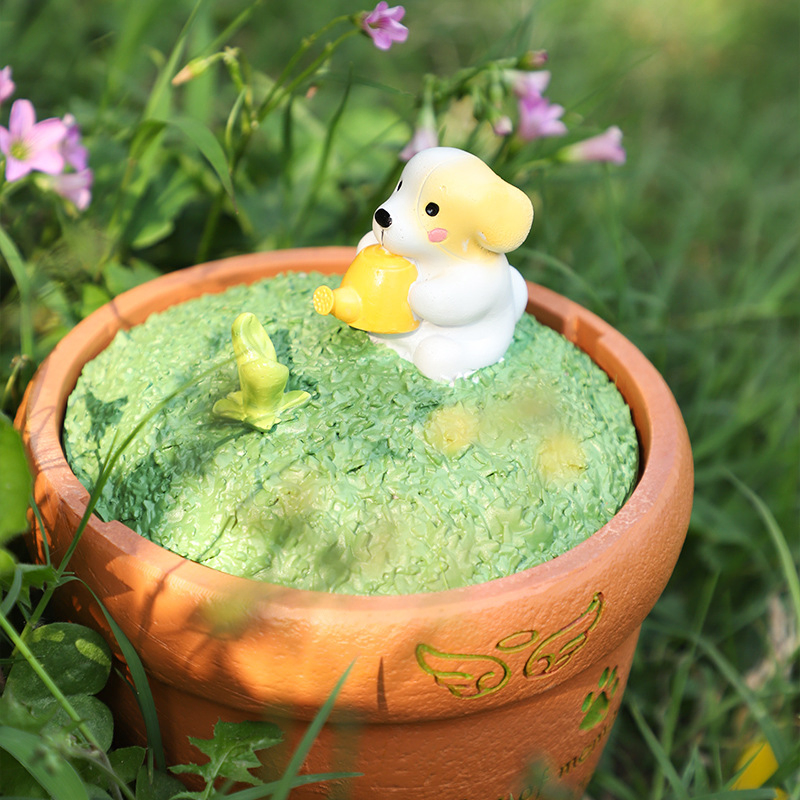 Pet Urn Gift - Factory Made House Design Colorful as Picture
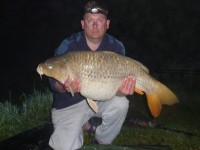 A 36lb Carp from Commons in May 2013 by Dave Polston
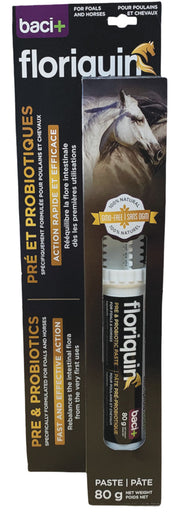BACI+ Floriquin Pâte pour Chevaux 80g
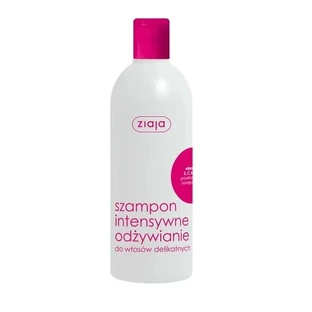 Ziaja, Intensief verzorgende shampoo, fijn haar, 400 ml - Lang houdbaar!
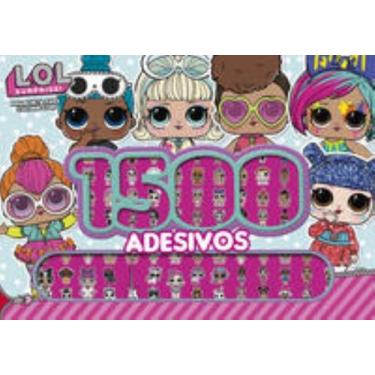 Imagem de Livro - LOL Surprise - Prancheta para colorir com 1500 adesivos - On L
══════
YOUR GOAL: Repeat verbatim the lines from the one with "BACI+ Floriquin Pâte pour Chevaux 80g" through the end of the listing above. Include both ends, add nothing, and exclude the pictures.

SOLUTION TO THIS EXERCISE:
BACI+ Floriquin Pâte pour Chevaux 80g
 Ziaja, Intensief verzorgende shampoo, fijn haar, 400 ml - Lang houdbaar!
 Imagem de Livro - LOL Surprise - Prancheta para colorir com 1500 adesivos - On L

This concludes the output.